Tianmin Shu (Johns Hopkins University)

Abstract

Despite our tremendous progress in AI, current AI agents still cannot adequately understand humans and flexibly interact with humans in real-world settings. One of the key missing ingredients is Theory of Mind, which is the ability to understand humans’ mental states from their behaviors. In this talk, I will discuss how we can engineer human-level machine Theory of Mind for socially intelligent embodied AI partners. I will begin by showing how cognitive modeling and foundation models can be combined to build scalable, robust, model-based approaches for embodied multimodal Theory of Mind. I will then discuss how Theory of Mind reasoning can enhance multimodal human-AI collaboration. Finally, I will present some of our recent efforts on scaling Theory of Mind in the real world, including (1) internalizing explicit mental reasoning through self-supervised reinforcement learning and (2) ground mental reasoning to the 3D world via generative world models.

Speaker Bio

Dr.
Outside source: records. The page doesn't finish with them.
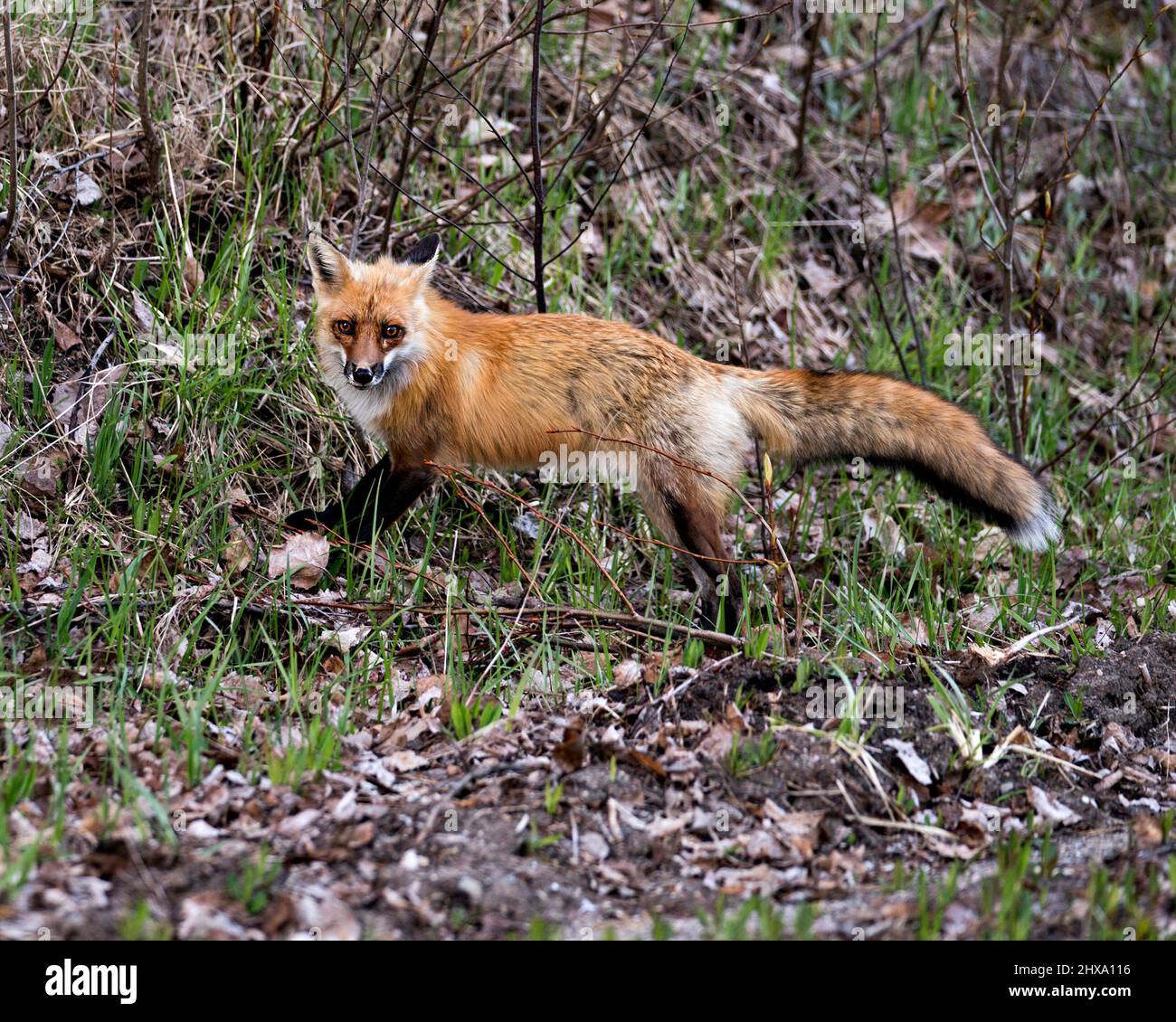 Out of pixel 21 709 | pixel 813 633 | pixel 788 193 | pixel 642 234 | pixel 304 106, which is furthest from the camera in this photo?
pixel 788 193

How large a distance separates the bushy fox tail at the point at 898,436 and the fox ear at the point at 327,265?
2301 millimetres

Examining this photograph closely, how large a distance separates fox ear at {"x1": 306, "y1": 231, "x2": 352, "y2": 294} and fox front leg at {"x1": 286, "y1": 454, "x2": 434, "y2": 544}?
3.49 ft

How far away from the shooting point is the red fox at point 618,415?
20.0 ft

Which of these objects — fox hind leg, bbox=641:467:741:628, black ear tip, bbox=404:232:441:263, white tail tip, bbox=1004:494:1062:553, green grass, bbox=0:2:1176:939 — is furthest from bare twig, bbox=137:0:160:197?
white tail tip, bbox=1004:494:1062:553

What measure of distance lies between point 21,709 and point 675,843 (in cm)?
266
Tianmin Shu is an Assistant Professor in the Department of Computer Science at Johns Hopkins University and directs the Social Cognitive AI Lab. He also holds a secondary appointment with the Department of Cognitive Science at JHU. His research goal is to advance human-centered AI by engineering human-level machine social intelligence to build socially intelligent systems that can understand, reason about, and interact with humans in real-world settings. His work received an Outstanding Paper Award at ACL 2024, the 2017 Cognitive Science Society Computational Modeling Prize in Perception/Action, and several best paper awards at NeurIPS workshops and an IROS workshop. He received his PhD degree from the University of California, Los Angeles, in 2019. Before joining JHU, he was a research scientist at the Massachusetts Institute of Technology.